Bu nedenle şiirler yazmaya başladı. Öğrencilik yıllarında yazdığı şiirler, okulların duvarlarını süslerdi. İlk 20 yılda yazdığı şiirleri 2019 yılında ‘Bir Leyla’ adlı kitapta topladı. İkinci 20 yılda yazmaya devam ettiği şiirlerinin ilk kısmını 2023 yılında çıkardığı ikinci kitabı ‘İki Hece’de yayımladı. İlk 20 yıldaki şiirleri ile ikinci 20 yıldaki şiirleri arasında büyük gelişim ve ustalık apaçık bellidir. Bu, Leyla Hanım’ın iyi yönde gelişim gösterdiğinin, şiiri ciddiye aldığının bir kanıtıdır. Oruç’a göre şiir, insan düşüncesinin ve ruhunun dilidir. Şiir, insanı Yaratıcı’sına yaklaştırır ve aradaki bariyerleri kaldırır.

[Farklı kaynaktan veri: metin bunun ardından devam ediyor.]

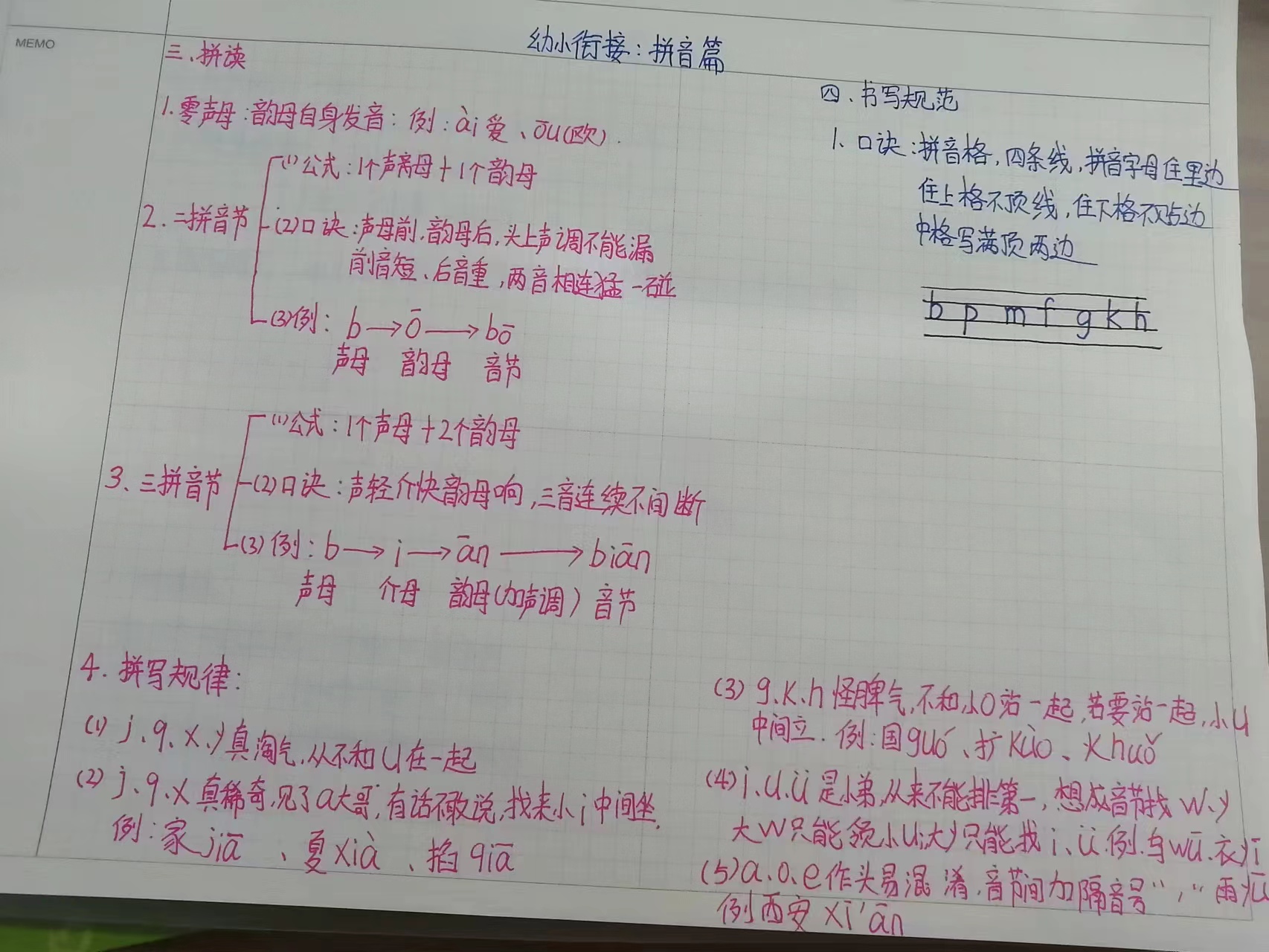 小学需要掌握的拼音知识点,拼音知识点总结大全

O, Türk şiirine tıpkı öncülleri gibi kendi tarzını, imzasını bırakmak istiyor.
Leyla Oruç, aşıklar ozanlar geleneğine ilgi duyar. Çocukluğundan bu tarafa kulakları deyişler ve türkülerle doludur. Doğduğu il Kahramanmaraş, zaten Türk kültürü için bir hazinedir adeta. 35 adet şiiri bestelenmiş ve sanatçılar tarafından okunmaktadır. Leyla Hanım türküler, şarkılar söylemektedir. Saz kursu, nota kursu, tiyatro, resim kursları almıştır.
Yayıncılık konusuyla da çok ilgilidir. Bir dönem Mersin Alternatif Radyoda spikerlik yapmıştır. TRT Çukurova Radyo’ya ve bir ulusal TV kanalına konuk olarak katılmıştır.
Leyla Oruç’un yaşam felsefesi insan merkezlidir. Hümanist yapıdadır. İnsanları, doğayı, hayvanları tüm canlıları Yaratan’dan ötürü sever, saygı duyar. Seyahat etmeye, sosyal ortamlarda bulunmaya isteklidir.
22 yıl Almanya’da yaşamıştır. Ailesine yakın olmak amacıyla Mersin’e yerleşmiştir. Türkiye’deki sosyal ortamın, Almanya’ya nazaran daha iyi olduğunu düşünüyor.
Leyla Oruç, şiirler yazmaya devam ediyor. 3. kitabını çıkartmanın planlarını yapıyor. Şiirleri çeşitli antolojilerde, dergilerde yayımlanmıştır. 20 Azerbaycan antolojisinde, Türkiye’de de 8 antolojide şiirleri çıkmıştır.